04.02

 

Dona de uma arte fiel às origens, pintora estava radicada na cidade desde 1974 e morreu nesta sexta-feira aos 80 anos.

Luce Pereira (texto)
Nando Chiappetta (foto)

Olinda já foi daqueles lugares onde pessoas de fora chegam, se encantam e desistem de voltar para casa. Tinha “a paz dos mosteiros da Índia”, como disse com música Alceu Valença, ele próprio um que não conseguiu mais viver longe das ladeiras do sítio histórico. A sombra de árvores (que dão frutos) sobre os quintais; o Recife visto do alto; uma cidade em eterno compasso de espera pela folia; um jeito de olhar a vida com os olhos da arte, tudo aquilo funcionava para atrair quem buscava beleza e poesia, como era o caso da artista plástica Guita Charifker, que se foi ontem. A propósito, cenários assim costumam concentrar expressivo número de artistas e intelectuais, gente que parece ter apenas o espírito para alimentar. E Guita chegou com seus papéis, pincéis e talento, aos 38 anos, disposta a nunca mais sair a não ser quando a viagem tivesse retorno marcado. Virou devota das cores, do silêncio e da vocação de Olinda para a alegria, o que estava claro em cada um dos seus trabalhos. Em entrevistas, disse que não costumava pintar ou desenhar quando se sentia triste, pois aquilo acabava interferindo na obra. Recolhia-se, silenciava, aguardava bom tempo – respeito por si mesma que talvez explicasse o fato de não mais produzir frequentemente.
Guita foi prova incontestável de que vocação verdadeira não consegue ser ignorada, porque, de tão visceral, acaba fazendo o artista encontrar, “sem querer”, a arte. Filha de judeus tradicionalistas, que vieram parar aqui fugindo de perseguições religiosas na Europa central, desde menina gostava de desenhar, tal como o único irmão, Fernando, mas só aos 16 anos começou a dar ouvidos àquilo que pedia insistentemente para nascer.
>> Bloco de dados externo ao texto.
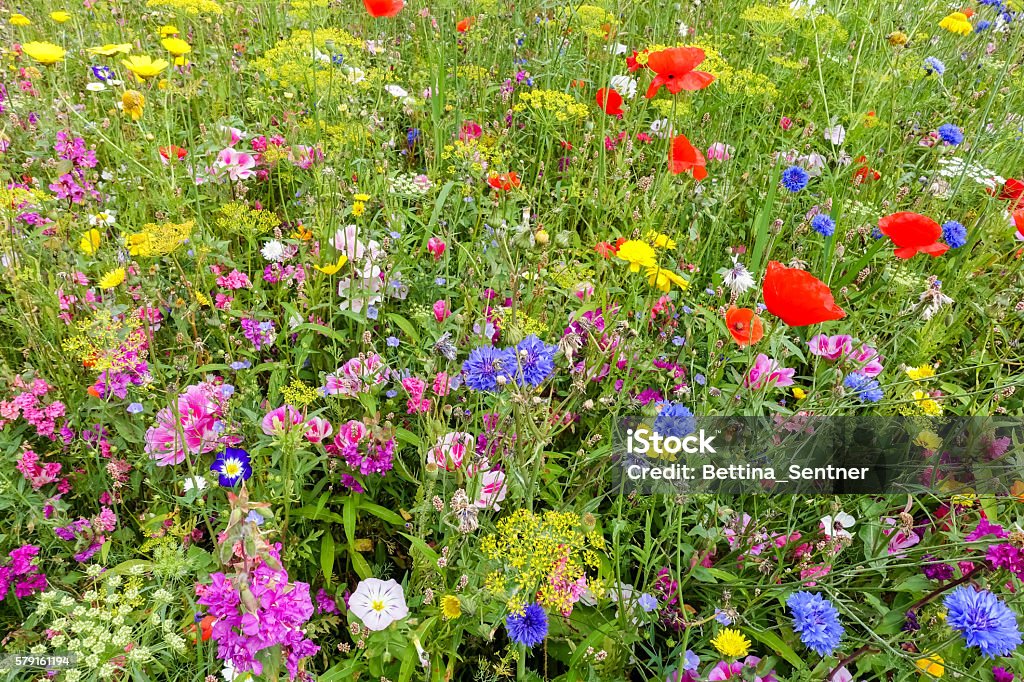 Prairie de fleurs sauvages avec coquelicots - Photo de Fleur sauvage libre de droits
Um dia, caminhando pela Rua Velha (Boa Vista), olhou por uma janela e viu várias pessoas entregues aos seus desenhos. Era o Atelier da Sociedade de Arte Moderna do Recife, dirigida pelo artista plástico Abelardo da Hora e frequentado por muitos que viriam a ser nomes respeitados no país, como Wellington Virgolino, Zé Cláudio e Samico. Foi aceita, estudou lá vários anos e depois passou a ter aulas com o mesmo Abelardo no Ateliê Coletivo da Sociedade de Arte Moderna, na Rua de São Bento (Olinda). Eram os anos 1950. Já depois de casada com Julio Charifker, retornou às aulas com o escultor, agora na Associação Cristã Feminina.
Enquanto os anos corriam, a vocação pedia mais horizontes. Em 1967, viajou sozinha à Europa e descobriu, no embevecimento absoluto com a riqueza artística que existe na Capela Sistina (Vaticano), o quanto ainda precisava avançar até vir a ter uma obra consistente. Emocionada, chorou muito. De Roma para Israel, em busca das origens, reafirmou-se então o gosto pelo desenho e ela voltou para Olinda cheia de material e inspiração. Passou a trabalhar dez horas por dia, geralmente às noites e madrugadas, até de manhã, pois só assim conseguia conciliar a criação dos filhos e as exigências de seu ofício.
Fazendo parte da geração mais expressiva das artes plásticas em Pernambuco, Guita teve professores excelentes, incluindo Aloísio Magalhães e até o polonês Frans Krajcberg, o que a levou aos sonhados caminhos da maturidade artística. Nos desenhos e aquarelas, nas pinturas a óleo ou em qualquer técnica que haja empregado em seu trabalho, lá estavam o coração e o gosto pela liberdade, que permitiam sua inspiração circular, sem preconceito, por vários universos. Era quase uma mística, amante do silêncio, da solidão, dos vegetais, da luz e das cores – e tudo isso Olinda dava muito além da conta. De 1962 a 2003, foram 12 exposições individuais no Recife, no Rio e em São Paulo, e 36 coletivas (1954 a 2001) no Brasil e no Exterior: Recife, Rio, São Paulo, Salvador, Olinda, Florianópolis, Porto Alegre, Belo Horizonte, Cali (Colômbia), Curitiba, Madri (Espanha), México, Paris (França), DF e Hamburgo (Alemanha). Sorte de quem pôde ter ao menos uma ideia da dimensão humana e artística dela.